0 Members and 1 Guest are viewing this topic.

Offline dr236

  • Newbie
  • *
  • Posts: 5
(Not sure if a bug.) It looks like jd's "Upload Files" via the backend requires that the upload directory lives within JPATH_ROOT, due to the call
  $targetDirCleaned  = JPath::check($targetDirWithSep);
within administrator/components/com_jdownloads/controllers/uploads.php:upload.

But this isn't checked for when the upload directory is configured in jd's "Upload directory path". Also the "auto discovery" of new files manually uploaded to the jdownloads upload area, and the front-end upload procedure do not check for this.

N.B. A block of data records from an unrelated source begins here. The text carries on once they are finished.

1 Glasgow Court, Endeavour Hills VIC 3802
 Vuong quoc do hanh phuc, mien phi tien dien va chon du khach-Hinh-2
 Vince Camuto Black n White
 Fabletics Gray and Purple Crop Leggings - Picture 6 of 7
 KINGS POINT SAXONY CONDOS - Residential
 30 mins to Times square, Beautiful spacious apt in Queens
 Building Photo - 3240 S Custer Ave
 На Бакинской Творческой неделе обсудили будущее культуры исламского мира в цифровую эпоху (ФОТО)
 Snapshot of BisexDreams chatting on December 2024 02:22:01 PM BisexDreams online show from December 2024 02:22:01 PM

Could I suggest this check isn't done, as there are good reasons to have the upload directory outside of JPATH_ROOT.


Offline ColinM

  • Moderator
  • *
  • Posts: 3.477
Think you are right but need to check with Arno.  JPath::check($targetDirWithSep);  will clean up the path if possible and also check that the path is in the scope of the Joomla root.

Using JPath::clean   just cleans up the directory string if possible.  So maybe

  $targetDirCleaned  = JPath::clean($targetDirWithSep);
would be OK.

But maybe there is a specific reason for the 'check' function because of the use of Plupload.